The records below:

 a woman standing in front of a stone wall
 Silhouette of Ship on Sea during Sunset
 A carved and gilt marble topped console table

End of The records.
The records below:

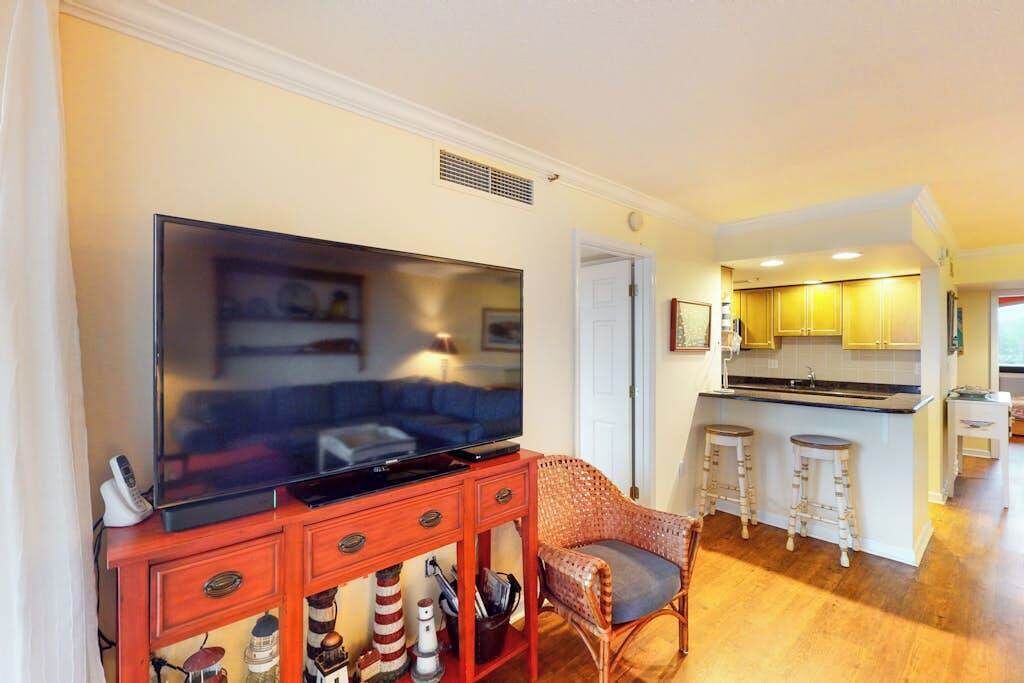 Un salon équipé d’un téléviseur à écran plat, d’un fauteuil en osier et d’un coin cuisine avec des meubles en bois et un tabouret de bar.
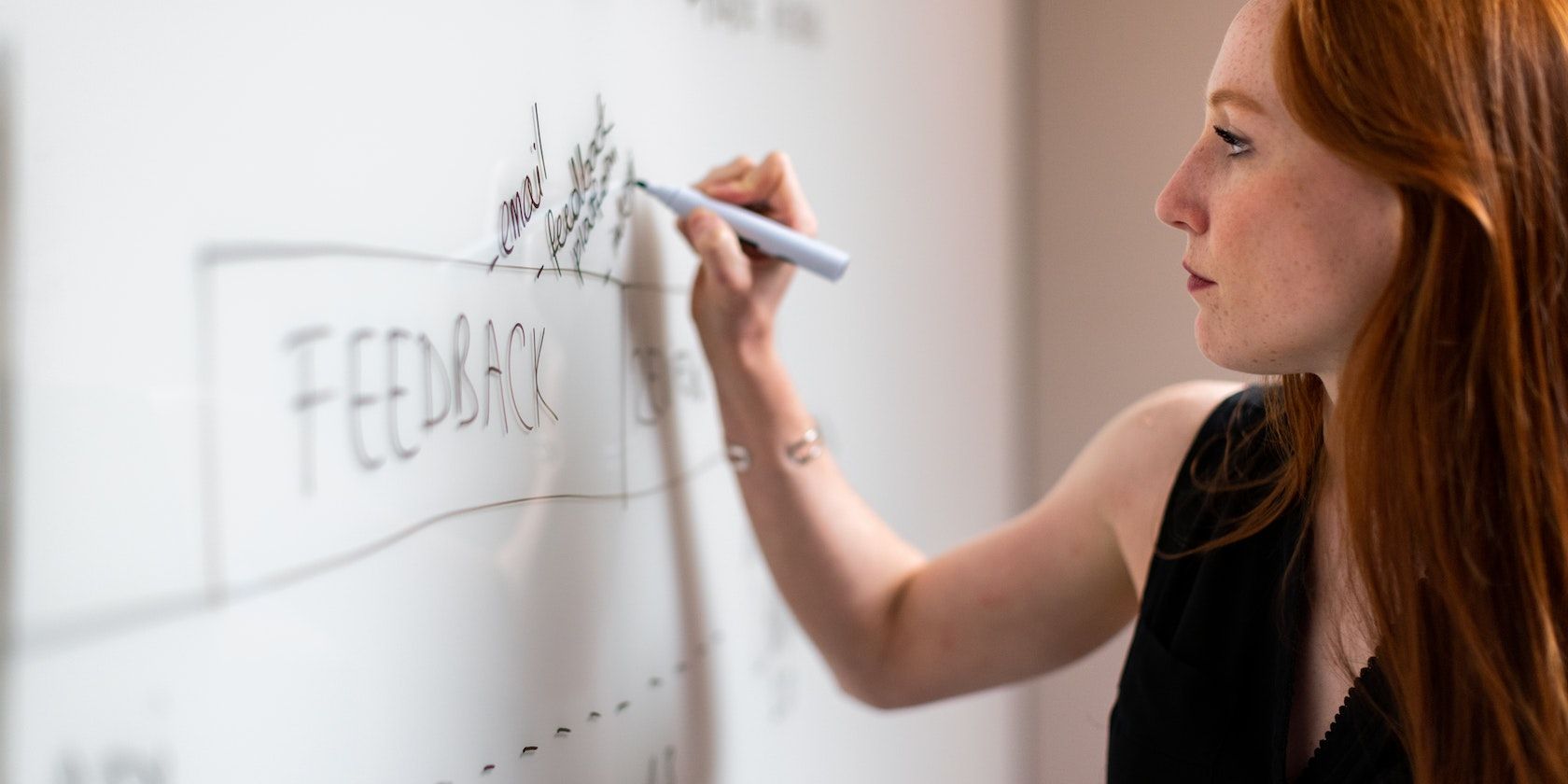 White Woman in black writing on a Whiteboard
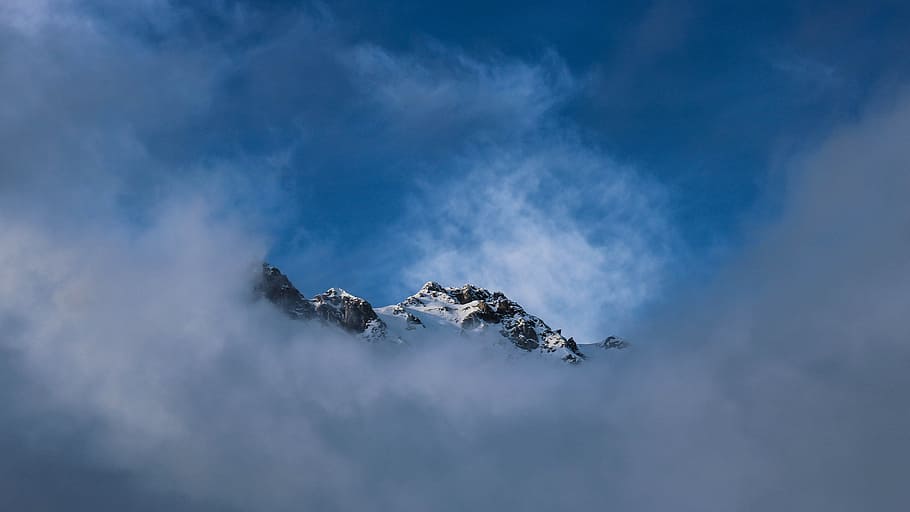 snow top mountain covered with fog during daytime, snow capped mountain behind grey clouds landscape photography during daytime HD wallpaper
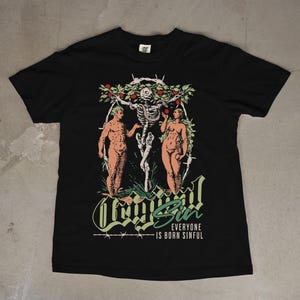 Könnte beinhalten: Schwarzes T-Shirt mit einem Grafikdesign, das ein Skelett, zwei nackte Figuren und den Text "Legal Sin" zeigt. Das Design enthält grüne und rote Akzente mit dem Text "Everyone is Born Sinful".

End of The records.
The records below:

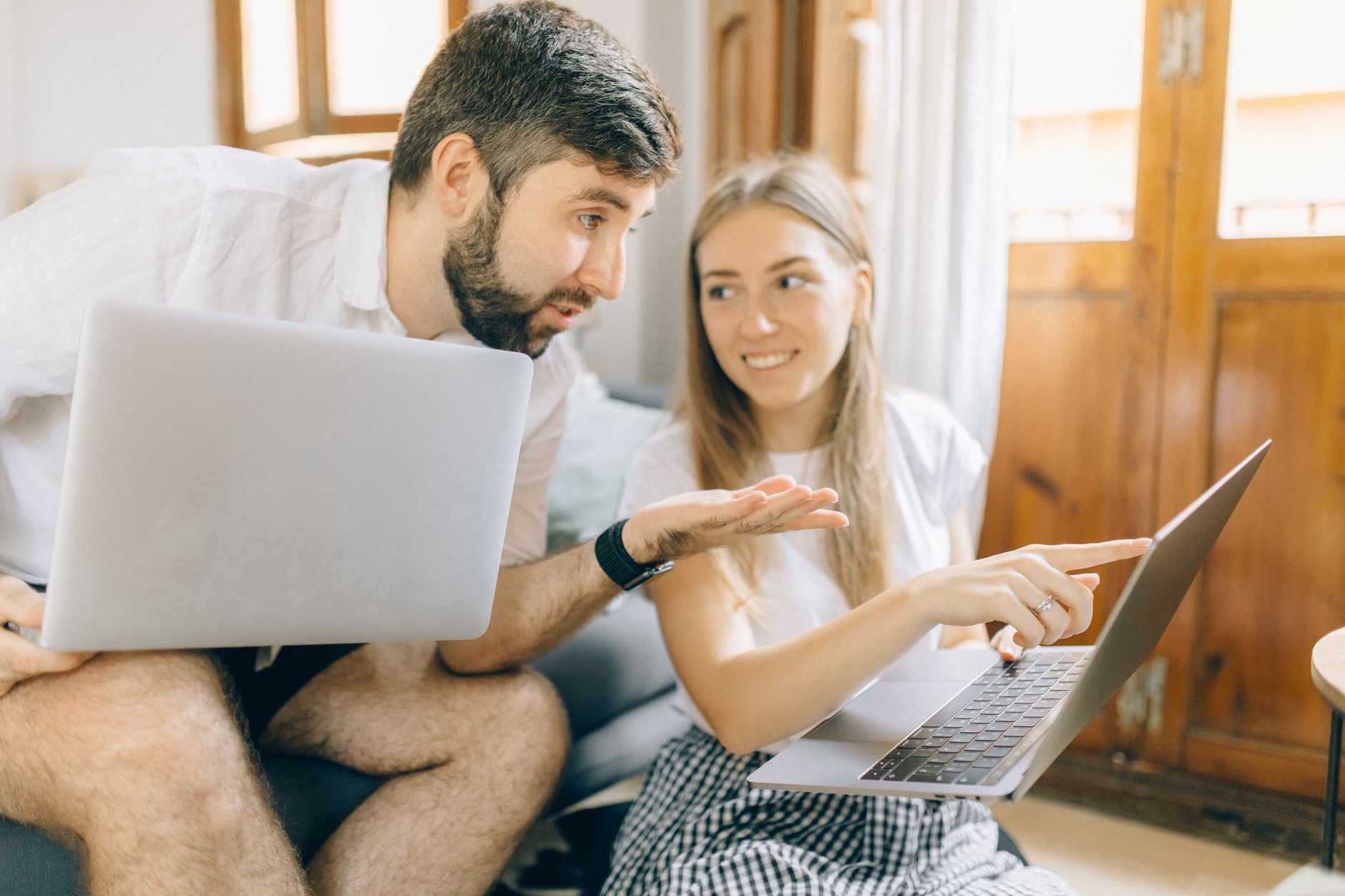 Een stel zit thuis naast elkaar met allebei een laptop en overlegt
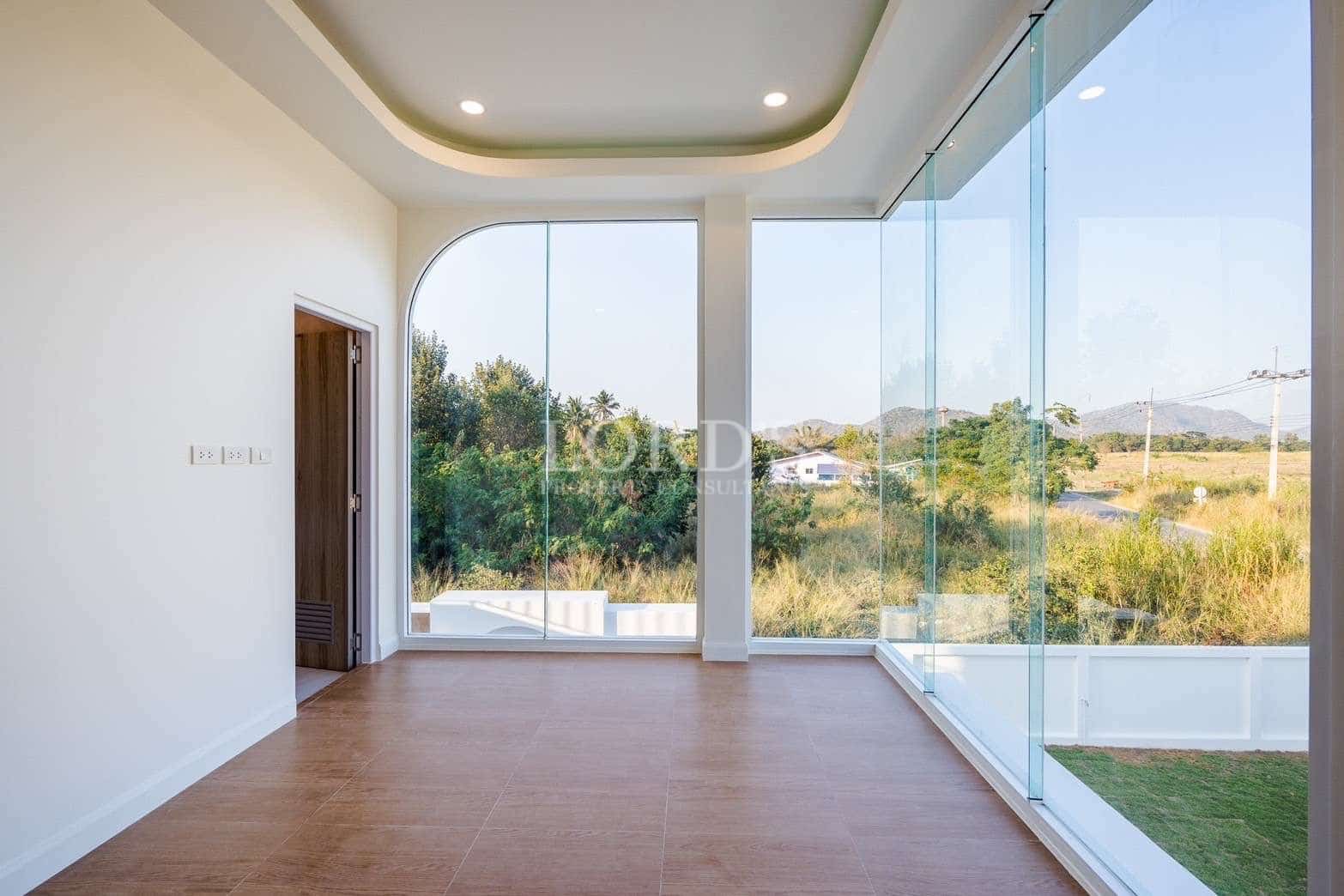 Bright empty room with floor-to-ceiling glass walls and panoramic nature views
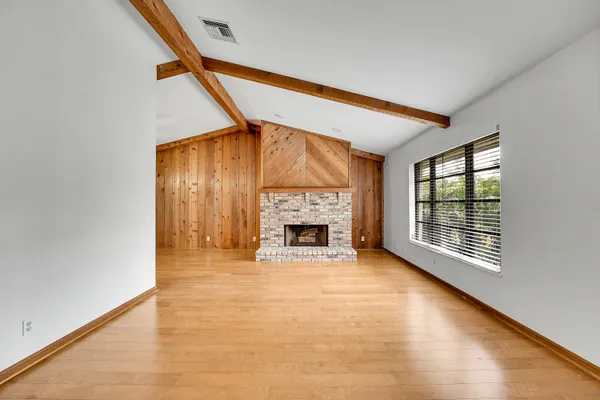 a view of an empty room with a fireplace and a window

End of The records.

### Work request
Restate word for word only the lines above from the line containing "a woman standing in front of a stone wall" to the line containing "A carved and", both of them included.

### Answer section
 a woman standing in front of a stone wall
 Silhouette of Ship on Sea during Sunset
 A carved and gilt marble topped console table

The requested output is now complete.